### SOURCE DATA

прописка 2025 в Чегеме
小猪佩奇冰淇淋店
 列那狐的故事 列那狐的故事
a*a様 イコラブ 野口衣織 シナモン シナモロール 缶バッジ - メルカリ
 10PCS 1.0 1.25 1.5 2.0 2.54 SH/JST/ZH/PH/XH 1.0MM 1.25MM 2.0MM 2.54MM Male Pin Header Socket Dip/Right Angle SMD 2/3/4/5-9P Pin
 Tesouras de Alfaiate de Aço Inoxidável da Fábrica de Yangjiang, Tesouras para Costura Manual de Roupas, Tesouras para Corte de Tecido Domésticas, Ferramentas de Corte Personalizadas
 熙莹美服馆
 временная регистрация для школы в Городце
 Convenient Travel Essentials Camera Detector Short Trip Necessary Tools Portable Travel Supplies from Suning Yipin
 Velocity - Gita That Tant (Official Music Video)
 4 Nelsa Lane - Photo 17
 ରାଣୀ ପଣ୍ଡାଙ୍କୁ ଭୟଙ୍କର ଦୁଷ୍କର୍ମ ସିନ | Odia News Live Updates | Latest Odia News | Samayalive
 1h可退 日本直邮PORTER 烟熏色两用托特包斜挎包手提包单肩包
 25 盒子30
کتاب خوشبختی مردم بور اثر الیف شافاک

######

◆ EXERCISE DIRECTIONS
Every record above must appear again in the answer, unchanged.

◆ EXERCISE RESULT
прописка 2025 в Чегеме
小猪佩奇冰淇淋店
 列那狐的故事 列那狐的故事
a*a様 イコラブ 野口衣織 シナモン シナモロール 缶バッジ - メルカリ
 10PCS 1.0 1.25 1.5 2.0 2.54 SH/JST/ZH/PH/XH 1.0MM 1.25MM 2.0MM 2.54MM Male Pin Header Socket Dip/Right Angle SMD 2/3/4/5-9P Pin
 Tesouras de Alfaiate de Aço Inoxidável da Fábrica de Yangjiang, Tesouras para Costura Manual de Roupas, Tesouras para Corte de Tecido Domésticas, Ferramentas de Corte Personalizadas
 熙莹美服馆
 временная регистрация для школы в Городце
 Convenient Travel Essentials Camera Detector Short Trip Necessary Tools Portable Travel Supplies from Suning Yipin
 Velocity - Gita That Tant (Official Music Video)
 4 Nelsa Lane - Photo 17
 ରାଣୀ ପଣ୍ଡାଙ୍କୁ ଭୟଙ୍କର ଦୁଷ୍କର୍ମ ସିନ | Odia News Live Updates | Latest Odia News | Samayalive
 1h可退 日本直邮PORTER 烟熏色两用托特包斜挎包手提包单肩包
 25 盒子30
کتاب خوشبختی مردم بور اثر الیف شافاک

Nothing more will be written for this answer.